PROBLEM TO SOLVE
Could you reproduce, exactly as written, every line from the one containing "Doença de paget da papila" through the last line of the records, and nothing else?
*** INFORMATION GIVEN ***
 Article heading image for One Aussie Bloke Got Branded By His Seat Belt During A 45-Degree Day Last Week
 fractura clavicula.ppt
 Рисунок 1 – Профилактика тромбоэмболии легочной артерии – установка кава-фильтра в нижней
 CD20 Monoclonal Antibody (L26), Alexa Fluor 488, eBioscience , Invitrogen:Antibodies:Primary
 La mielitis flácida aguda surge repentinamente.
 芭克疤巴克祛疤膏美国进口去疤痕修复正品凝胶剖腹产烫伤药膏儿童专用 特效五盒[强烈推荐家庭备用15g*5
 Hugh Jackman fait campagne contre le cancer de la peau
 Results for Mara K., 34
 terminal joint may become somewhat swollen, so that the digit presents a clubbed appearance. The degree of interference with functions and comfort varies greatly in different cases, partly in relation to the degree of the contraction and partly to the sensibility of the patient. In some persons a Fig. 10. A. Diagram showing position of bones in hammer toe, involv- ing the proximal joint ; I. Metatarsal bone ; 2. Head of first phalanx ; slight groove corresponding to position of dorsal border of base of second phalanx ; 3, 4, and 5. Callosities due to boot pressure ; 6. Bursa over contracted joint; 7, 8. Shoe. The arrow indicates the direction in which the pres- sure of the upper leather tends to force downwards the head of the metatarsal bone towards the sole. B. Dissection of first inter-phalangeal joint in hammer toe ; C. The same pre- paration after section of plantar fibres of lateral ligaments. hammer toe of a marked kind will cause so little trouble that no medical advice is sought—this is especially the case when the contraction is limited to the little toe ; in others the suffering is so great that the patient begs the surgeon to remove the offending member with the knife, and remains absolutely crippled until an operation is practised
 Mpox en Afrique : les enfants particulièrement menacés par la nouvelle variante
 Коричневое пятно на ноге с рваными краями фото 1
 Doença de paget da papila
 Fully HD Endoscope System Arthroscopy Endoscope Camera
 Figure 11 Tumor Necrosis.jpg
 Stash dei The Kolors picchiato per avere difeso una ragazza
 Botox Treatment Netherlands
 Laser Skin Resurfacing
*** End of INFORMATION GIVEN ***
EXERCISE RESULT
 Doença de paget da papila
 Fully HD Endoscope System Arthroscopy Endoscope Camera
 Figure 11 Tumor Necrosis.jpg
 Stash dei The Kolors picchiato per avere difeso una ragazza
 Botox Treatment Netherlands
 Laser Skin Resurfacing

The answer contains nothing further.